[Stored data]
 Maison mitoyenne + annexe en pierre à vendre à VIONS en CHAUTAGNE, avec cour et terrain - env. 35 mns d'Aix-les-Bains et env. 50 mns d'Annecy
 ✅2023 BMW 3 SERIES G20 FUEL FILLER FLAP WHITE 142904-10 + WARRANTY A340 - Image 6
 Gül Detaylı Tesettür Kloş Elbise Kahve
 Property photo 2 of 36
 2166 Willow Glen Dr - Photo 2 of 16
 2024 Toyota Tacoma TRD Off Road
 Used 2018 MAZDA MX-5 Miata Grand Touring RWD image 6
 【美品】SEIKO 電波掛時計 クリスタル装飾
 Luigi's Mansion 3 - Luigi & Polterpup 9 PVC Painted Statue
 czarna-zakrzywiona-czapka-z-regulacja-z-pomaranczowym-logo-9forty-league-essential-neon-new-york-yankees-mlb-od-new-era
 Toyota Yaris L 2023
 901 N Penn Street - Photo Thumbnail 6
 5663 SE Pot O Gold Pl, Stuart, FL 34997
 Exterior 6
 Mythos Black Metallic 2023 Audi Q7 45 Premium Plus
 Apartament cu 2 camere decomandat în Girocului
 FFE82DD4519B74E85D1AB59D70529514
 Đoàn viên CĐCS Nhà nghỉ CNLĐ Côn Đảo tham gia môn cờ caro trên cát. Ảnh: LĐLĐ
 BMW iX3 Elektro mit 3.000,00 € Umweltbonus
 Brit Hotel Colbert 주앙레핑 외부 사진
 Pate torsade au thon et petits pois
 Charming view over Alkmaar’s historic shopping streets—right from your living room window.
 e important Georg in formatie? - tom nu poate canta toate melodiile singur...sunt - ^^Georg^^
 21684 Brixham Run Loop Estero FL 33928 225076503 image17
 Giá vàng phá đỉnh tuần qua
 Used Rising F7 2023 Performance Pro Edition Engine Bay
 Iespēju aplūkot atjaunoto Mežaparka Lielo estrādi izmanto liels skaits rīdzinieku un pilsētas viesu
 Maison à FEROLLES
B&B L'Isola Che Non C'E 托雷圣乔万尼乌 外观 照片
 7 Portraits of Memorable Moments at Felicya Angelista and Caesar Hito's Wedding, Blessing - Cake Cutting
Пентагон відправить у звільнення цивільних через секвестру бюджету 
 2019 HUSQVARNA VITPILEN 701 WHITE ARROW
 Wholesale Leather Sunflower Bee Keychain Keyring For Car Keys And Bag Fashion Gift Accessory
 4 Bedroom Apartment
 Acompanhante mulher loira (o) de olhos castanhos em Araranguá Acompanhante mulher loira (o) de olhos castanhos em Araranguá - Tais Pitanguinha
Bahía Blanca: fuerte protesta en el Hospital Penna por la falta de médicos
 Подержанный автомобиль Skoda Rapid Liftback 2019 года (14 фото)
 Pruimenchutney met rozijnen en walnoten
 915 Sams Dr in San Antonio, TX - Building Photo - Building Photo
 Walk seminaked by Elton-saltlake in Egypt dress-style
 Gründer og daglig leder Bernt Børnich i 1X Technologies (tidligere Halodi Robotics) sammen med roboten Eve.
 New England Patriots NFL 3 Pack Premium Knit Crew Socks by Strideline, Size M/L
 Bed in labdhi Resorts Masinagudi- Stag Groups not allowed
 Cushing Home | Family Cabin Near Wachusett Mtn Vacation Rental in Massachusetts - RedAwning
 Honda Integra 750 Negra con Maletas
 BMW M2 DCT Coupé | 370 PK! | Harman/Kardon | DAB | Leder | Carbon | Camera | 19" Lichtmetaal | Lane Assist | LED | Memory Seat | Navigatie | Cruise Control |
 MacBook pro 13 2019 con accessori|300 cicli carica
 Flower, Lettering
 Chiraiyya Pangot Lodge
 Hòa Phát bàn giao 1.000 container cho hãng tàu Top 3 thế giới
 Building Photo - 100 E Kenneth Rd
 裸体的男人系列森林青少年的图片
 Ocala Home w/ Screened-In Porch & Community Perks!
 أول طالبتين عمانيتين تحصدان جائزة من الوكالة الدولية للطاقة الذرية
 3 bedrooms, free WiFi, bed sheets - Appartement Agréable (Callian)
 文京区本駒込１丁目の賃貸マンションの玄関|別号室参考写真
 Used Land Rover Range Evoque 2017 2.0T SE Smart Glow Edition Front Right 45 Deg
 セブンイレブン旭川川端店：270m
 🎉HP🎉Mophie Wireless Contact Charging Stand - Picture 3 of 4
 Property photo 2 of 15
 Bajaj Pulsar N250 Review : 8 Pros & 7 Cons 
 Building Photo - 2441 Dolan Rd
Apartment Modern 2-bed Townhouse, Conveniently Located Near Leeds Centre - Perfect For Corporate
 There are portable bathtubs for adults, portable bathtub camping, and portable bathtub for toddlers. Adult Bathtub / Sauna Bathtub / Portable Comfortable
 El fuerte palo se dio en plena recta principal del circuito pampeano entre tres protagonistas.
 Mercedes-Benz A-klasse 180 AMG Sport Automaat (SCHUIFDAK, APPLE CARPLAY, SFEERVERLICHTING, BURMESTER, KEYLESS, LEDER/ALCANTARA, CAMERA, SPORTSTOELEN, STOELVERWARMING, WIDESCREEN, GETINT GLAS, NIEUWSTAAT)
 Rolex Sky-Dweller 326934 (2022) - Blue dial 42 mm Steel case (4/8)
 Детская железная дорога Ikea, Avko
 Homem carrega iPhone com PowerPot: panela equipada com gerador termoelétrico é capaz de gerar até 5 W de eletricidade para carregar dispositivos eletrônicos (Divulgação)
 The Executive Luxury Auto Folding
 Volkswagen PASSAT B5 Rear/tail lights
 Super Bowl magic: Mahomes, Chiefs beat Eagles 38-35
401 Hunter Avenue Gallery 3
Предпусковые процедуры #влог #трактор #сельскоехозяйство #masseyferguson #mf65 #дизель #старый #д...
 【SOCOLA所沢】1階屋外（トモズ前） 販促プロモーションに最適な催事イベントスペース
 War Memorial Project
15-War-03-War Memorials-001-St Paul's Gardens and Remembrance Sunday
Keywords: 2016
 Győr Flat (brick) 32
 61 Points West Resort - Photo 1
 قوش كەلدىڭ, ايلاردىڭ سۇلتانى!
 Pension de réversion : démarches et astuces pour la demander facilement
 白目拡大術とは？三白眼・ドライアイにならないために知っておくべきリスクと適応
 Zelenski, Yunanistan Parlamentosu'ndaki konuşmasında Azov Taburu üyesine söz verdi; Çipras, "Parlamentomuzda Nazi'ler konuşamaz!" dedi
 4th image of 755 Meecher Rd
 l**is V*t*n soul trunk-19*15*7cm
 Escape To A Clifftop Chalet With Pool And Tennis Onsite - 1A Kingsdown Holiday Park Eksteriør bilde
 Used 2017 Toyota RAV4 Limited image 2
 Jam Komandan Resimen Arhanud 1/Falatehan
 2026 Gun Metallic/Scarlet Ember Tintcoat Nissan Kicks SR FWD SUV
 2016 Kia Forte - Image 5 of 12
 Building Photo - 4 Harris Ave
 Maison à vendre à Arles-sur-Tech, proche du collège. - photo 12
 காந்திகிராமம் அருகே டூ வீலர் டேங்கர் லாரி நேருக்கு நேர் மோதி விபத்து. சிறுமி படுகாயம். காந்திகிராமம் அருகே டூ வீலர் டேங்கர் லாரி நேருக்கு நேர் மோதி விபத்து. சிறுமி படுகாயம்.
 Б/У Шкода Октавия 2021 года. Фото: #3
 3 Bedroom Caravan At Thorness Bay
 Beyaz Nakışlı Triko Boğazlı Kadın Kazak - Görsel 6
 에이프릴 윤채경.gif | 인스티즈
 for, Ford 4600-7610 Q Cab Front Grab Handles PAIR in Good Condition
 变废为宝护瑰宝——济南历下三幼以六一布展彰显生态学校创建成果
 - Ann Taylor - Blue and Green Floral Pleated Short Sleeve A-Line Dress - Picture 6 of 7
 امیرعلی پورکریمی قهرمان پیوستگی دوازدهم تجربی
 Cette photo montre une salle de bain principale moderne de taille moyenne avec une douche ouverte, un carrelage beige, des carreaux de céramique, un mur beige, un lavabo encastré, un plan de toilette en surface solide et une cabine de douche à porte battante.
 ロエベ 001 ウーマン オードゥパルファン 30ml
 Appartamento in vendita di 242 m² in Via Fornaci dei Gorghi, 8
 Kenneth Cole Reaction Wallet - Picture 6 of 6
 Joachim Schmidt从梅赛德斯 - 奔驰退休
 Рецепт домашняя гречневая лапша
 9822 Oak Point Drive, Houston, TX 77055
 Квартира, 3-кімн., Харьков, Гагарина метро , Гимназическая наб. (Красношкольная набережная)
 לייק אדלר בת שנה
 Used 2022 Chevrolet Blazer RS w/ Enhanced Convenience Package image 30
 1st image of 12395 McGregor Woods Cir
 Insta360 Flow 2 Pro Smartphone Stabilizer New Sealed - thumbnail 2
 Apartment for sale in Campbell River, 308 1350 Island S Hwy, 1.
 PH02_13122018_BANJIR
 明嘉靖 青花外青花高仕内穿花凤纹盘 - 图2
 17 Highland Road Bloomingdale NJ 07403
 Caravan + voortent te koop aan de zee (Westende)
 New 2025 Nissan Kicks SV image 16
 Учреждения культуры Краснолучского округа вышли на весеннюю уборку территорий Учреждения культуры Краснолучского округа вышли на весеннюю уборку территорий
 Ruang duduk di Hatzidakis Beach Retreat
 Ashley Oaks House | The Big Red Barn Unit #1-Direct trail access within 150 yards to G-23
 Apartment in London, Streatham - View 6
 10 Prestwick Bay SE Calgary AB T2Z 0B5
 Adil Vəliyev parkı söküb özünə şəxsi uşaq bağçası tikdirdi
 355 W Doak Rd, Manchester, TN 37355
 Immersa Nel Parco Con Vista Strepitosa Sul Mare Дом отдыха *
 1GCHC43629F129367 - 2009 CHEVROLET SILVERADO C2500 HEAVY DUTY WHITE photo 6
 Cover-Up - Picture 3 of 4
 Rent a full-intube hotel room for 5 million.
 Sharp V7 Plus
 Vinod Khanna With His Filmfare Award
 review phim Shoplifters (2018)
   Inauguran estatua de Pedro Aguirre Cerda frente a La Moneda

#### WORK INSTRUCTIONS
Reproduce, word for word and in full, only the lines above that start at the line with "Homem carrega iPhone" and run through the line with "ロエベ 001 ウーマン オードゥパルファン 30ml", both ends included.

#### RESULT OF THIS EXERCISE
 Homem carrega iPhone com PowerPot: panela equipada com gerador termoelétrico é capaz de gerar até 5 W de eletricidade para carregar dispositivos eletrônicos (Divulgação)
 The Executive Luxury Auto Folding
 Volkswagen PASSAT B5 Rear/tail lights
 Super Bowl magic: Mahomes, Chiefs beat Eagles 38-35
401 Hunter Avenue Gallery 3
Предпусковые процедуры #влог #трактор #сельскоехозяйство #masseyferguson #mf65 #дизель #старый #д...
 【SOCOLA所沢】1階屋外（トモズ前） 販促プロモーションに最適な催事イベントスペース
 War Memorial Project
15-War-03-War Memorials-001-St Paul's Gardens and Remembrance Sunday
Keywords: 2016
 Győr Flat (brick) 32
 61 Points West Resort - Photo 1
 قوش كەلدىڭ, ايلاردىڭ سۇلتانى!
 Pension de réversion : démarches et astuces pour la demander facilement
 白目拡大術とは？三白眼・ドライアイにならないために知っておくべきリスクと適応
 Zelenski, Yunanistan Parlamentosu'ndaki konuşmasında Azov Taburu üyesine söz verdi; Çipras, "Parlamentomuzda Nazi'ler konuşamaz!" dedi
 4th image of 755 Meecher Rd
 l**is V*t*n soul trunk-19*15*7cm
 Escape To A Clifftop Chalet With Pool And Tennis Onsite - 1A Kingsdown Holiday Park Eksteriør bilde
 Used 2017 Toyota RAV4 Limited image 2
 Jam Komandan Resimen Arhanud 1/Falatehan
 2026 Gun Metallic/Scarlet Ember Tintcoat Nissan Kicks SR FWD SUV
 2016 Kia Forte - Image 5 of 12
 Building Photo - 4 Harris Ave
 Maison à vendre à Arles-sur-Tech, proche du collège. - photo 12
 காந்திகிராமம் அருகே டூ வீலர் டேங்கர் லாரி நேருக்கு நேர் மோதி விபத்து. சிறுமி படுகாயம். காந்திகிராமம் அருகே டூ வீலர் டேங்கர் லாரி நேருக்கு நேர் மோதி விபத்து. சிறுமி படுகாயம்.
 Б/У Шкода Октавия 2021 года. Фото: #3
 3 Bedroom Caravan At Thorness Bay
 Beyaz Nakışlı Triko Boğazlı Kadın Kazak - Görsel 6
 에이프릴 윤채경.gif | 인스티즈
 for, Ford 4600-7610 Q Cab Front Grab Handles PAIR in Good Condition
 变废为宝护瑰宝——济南历下三幼以六一布展彰显生态学校创建成果
 - Ann Taylor - Blue and Green Floral Pleated Short Sleeve A-Line Dress - Picture 6 of 7
 امیرعلی پورکریمی قهرمان پیوستگی دوازدهم تجربی
 Cette photo montre une salle de bain principale moderne de taille moyenne avec une douche ouverte, un carrelage beige, des carreaux de céramique, un mur beige, un lavabo encastré, un plan de toilette en surface solide et une cabine de douche à porte battante.
 ロエベ 001 ウーマン オードゥパルファン 30ml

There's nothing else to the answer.